I have been trying to scrape 10 websites for a website we are building with links to the original sites, on node.js using cheerio, problem we are getting is that some of the sites have changed which now uses ajax calls to bring their data, my question is how can we get that information, for instance trigger a button click first and then get the DOM.
secondly: same dom structure is not getting me all data, it is retrieving information for one page, but not getting the the elements on another page with identical DOM structure. any help would be appreciated.
Thanks and regards.
Edit 1: Relevant code
$('#ProductContent').filter(function(){
var price = undefined;
var ukulele = false;
var model = $(this).find('.ProductSubtitle').text().replace(/\n\s*/g,"");
if(model.indexOf(/m/i) != 0){
var description = $(this).find('.RomanceCopy').text().replace(/\n\s*|\r/g,"");
.
.code removed for brevity and the variables present here are populated
.
//this children is populated only for one page.
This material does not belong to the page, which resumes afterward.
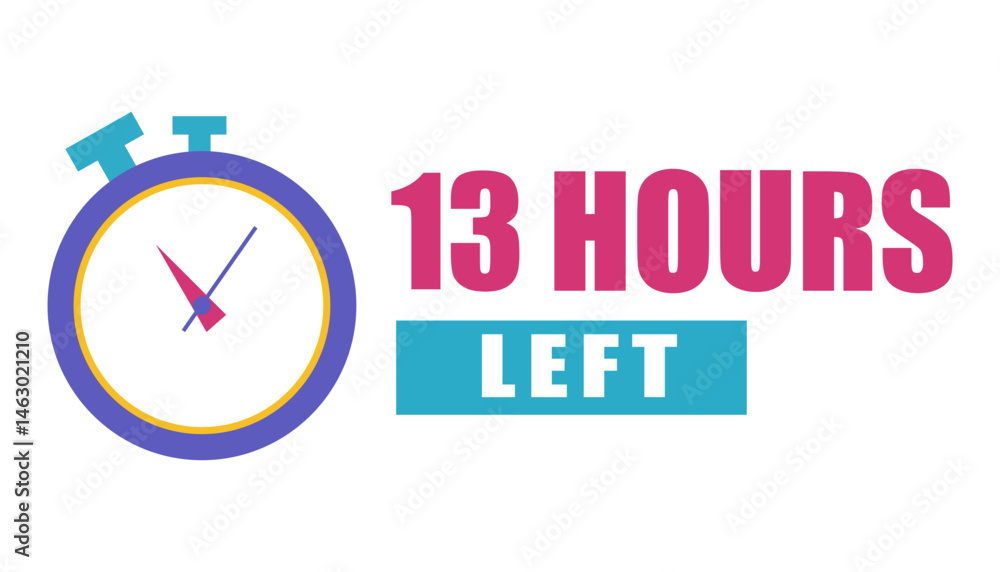Classic timer icon. Bright thirteen hours. Countdown flat label. Vector stopwatch.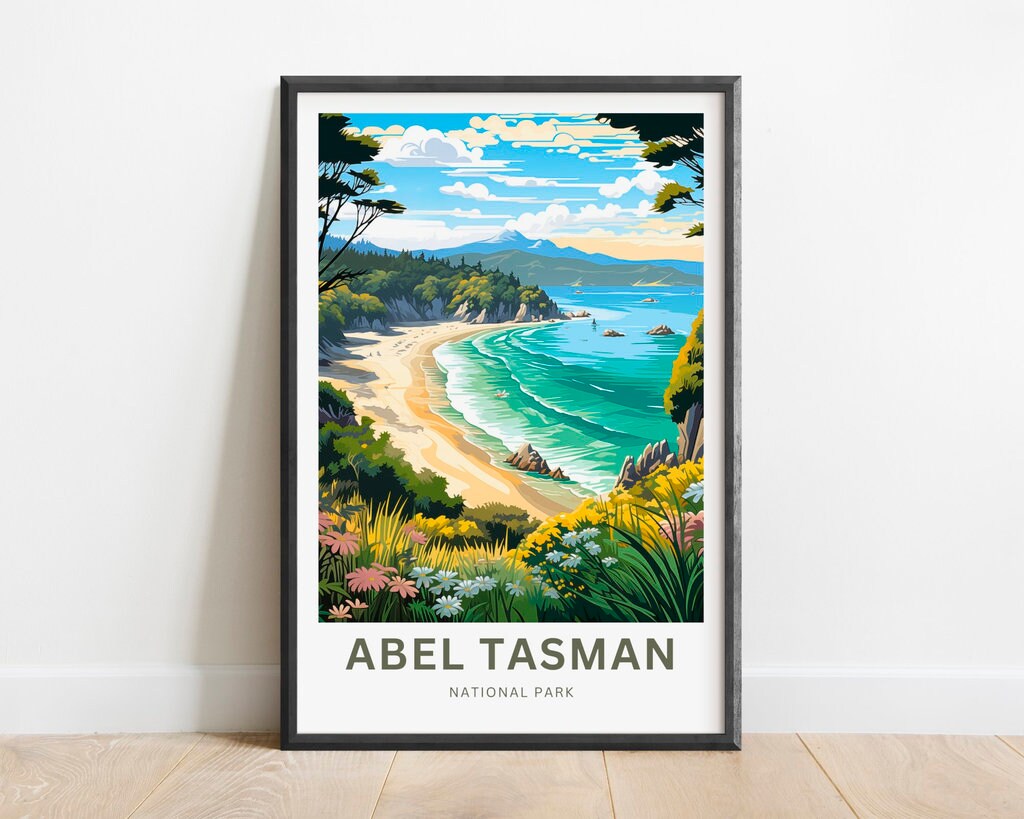 Abel Tasman Park Travel Print - Abel Tasman Park poster, New Zealand Wall Art, Framed present, Gift New Zealand Present - TravelTreasureCo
children = $(this).find('.SpecsColumn .SpecsTable table tbody').children('tr');
console.log('children: '+children.length)
console.log(guitar_url);
children.each(function(){
var key = $(this).children('td').first().text();
var value = $(this).children('td').last().text();
specs[key] = value;
console.log(specs);
});
Edit 2: Cherios Initialization
request(guitar_url,function(error,response,html){
if(!error){
var $ = cheerio.load(html);
$("#content #right-content").filter(function(){..children and other variables are populated inside here....})
}
})
To summarise all the comments you received:
Cheerio is minimalistic DOM reader inspired by jQuery. Its design is focused about reading data, and is not a browser emulator, where you could click a button.
Alternative is to use headless browsers like PhantomJS or CasperJS.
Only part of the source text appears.